Ciò costituisce ulteriore riscontro di quanto affermato in precedenza, circa il fatto che Mills attingeva, fin dalla fine degli anno ’90, a un deposito bancario, che egli stesso aveva detto a Inland Revenue il 5 novembre 2004 essergli stato trasferito da Fininvest, per i costi dei procedimenti penali italiani: e pertanto sia quelli in cui egli era testimone dell’accusa, sia (vista la data dell’accredito di cui qui si tratta) il presente procedimento.


Si possono a questo punto trarre alcune, parziali, conclusioni.

A Mills viene contestato di avere dichiarato circostanze false in ordine al compenso di circa 1,5 milioni di sterline ricevuto una tantum nel 1996 a seguito di accordi con Silvio Berlusconi – compenso qualificato come “dividend” e tenuto bloccato fino al 2000 in un deposito bancario denominato MM/AIL (Mackenzie Mills/All Iberian Limited) – affermando che si trattava di una plusvalenza di spettanza della società offshore Horizon Ltd. che i clienti avevano ritenuto al momento di non ritirare.

Come si è già osservato le risposte di Mills alle domande che gli erano state rivolte erano state quanto meno reticenti, sia in ordine alla effettiva proprietà della società da cui proveniva il cosiddetto dividendo, che egli conosceva perfettamente, sia quanto al suo reale destinatario finale, egli stesso.

Emerge in termini di certezza dagli elementi di prova in atti, illustrati nelle pagine che precedono, che l’attribuzione della somma a Mills rientrava nel complessivo disegno tendente a non far emergere, appunto, chi fosse il reale proprietario delle società offshore del Gruppo Fininvest e difendersi dalle accuse di falso in bilancio e altro, così aggirando anche il fisco italiano e la normativa in tema di concentrazione di mezzi di comunicazione di massa.
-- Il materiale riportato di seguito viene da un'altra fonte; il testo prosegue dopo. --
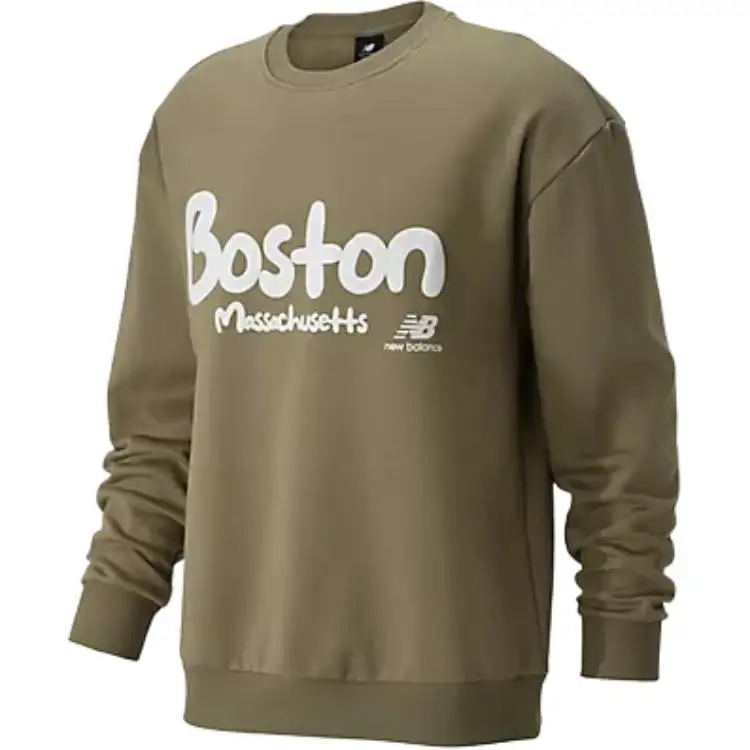 New Balance Sweatshirt Unisex Khaki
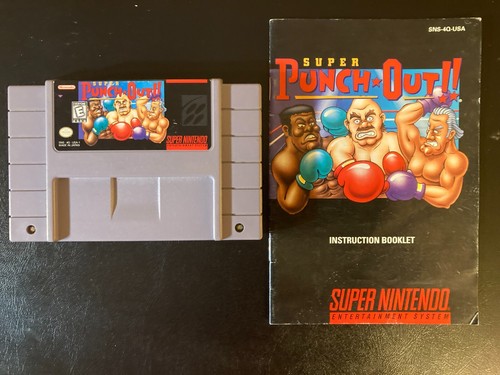 Super Punch-out (Super Nintendo SNES) komplett CIB mit Werbung - Bild 3 von 10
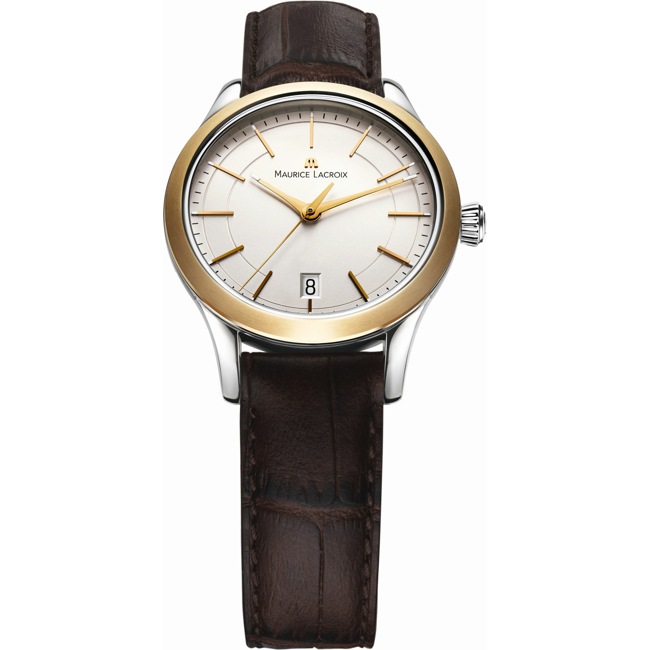 Maurice Lacroix Les Classiques Date Ladies - LC1026-PVY11-130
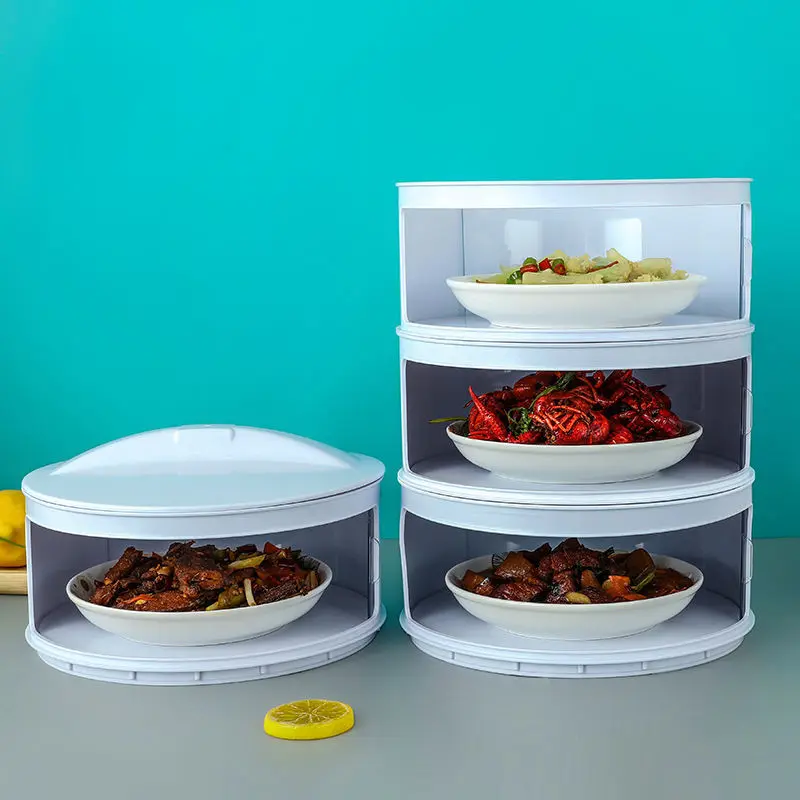 Изолированная пищевая крышка многослойная раздвижная дверь свежие остатки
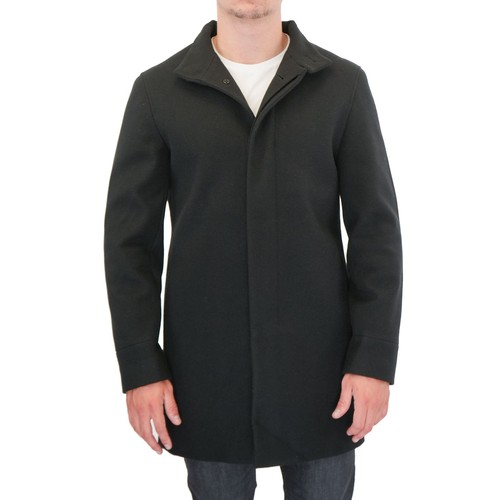 Mens funnel neck - funnel, coat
Per distanziare il Gruppo Fininvest – o meglio la/le persone fisiche proprietarie – dai patrimoni delle società offshore, gli utili di una società, di cui a Mills era stata attribuita la proprietà solo per tenere celata l’identità degli effettivi beneficiari, erano stati trasformati in utili di Mills, e come tali egli li aveva sottoposti a tassazione, quale suo introito professionale, nel Regno Unito.